## SOURCE INFORMATION

=== Section Start ===

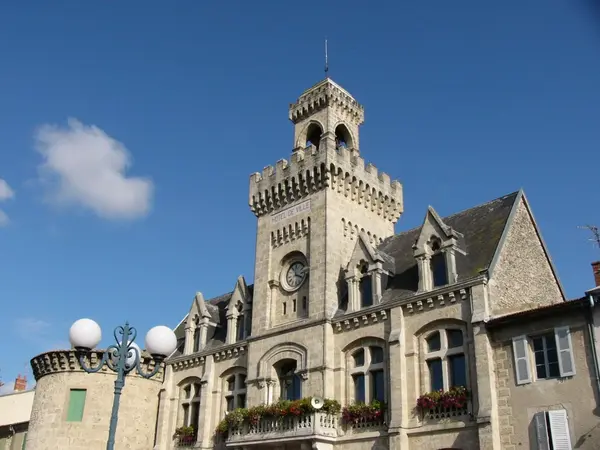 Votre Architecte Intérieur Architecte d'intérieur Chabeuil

=== Section End ===
=== Section Start ===

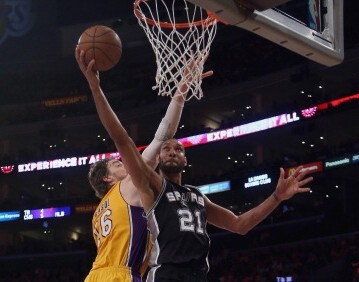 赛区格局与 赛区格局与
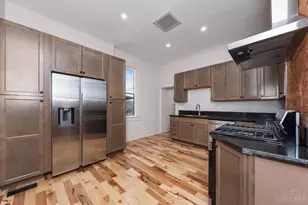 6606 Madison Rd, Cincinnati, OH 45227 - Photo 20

=== Section End ===
=== Section Start ===

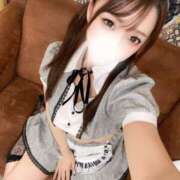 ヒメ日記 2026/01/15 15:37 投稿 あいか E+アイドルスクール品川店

=== Section End ===

## TASK STATEMENT
Only the lines above from the one with "赛区格局与 赛区格局与" to the one with "6606 Madison Rd, Cincinnati, OH" should be printed, both included and exactly as written; no picture belongs in the copy.

## TASK ANSWER
 赛区格局与 赛区格局与
 6606 Madison Rd, Cincinnati, OH 45227 - Photo 20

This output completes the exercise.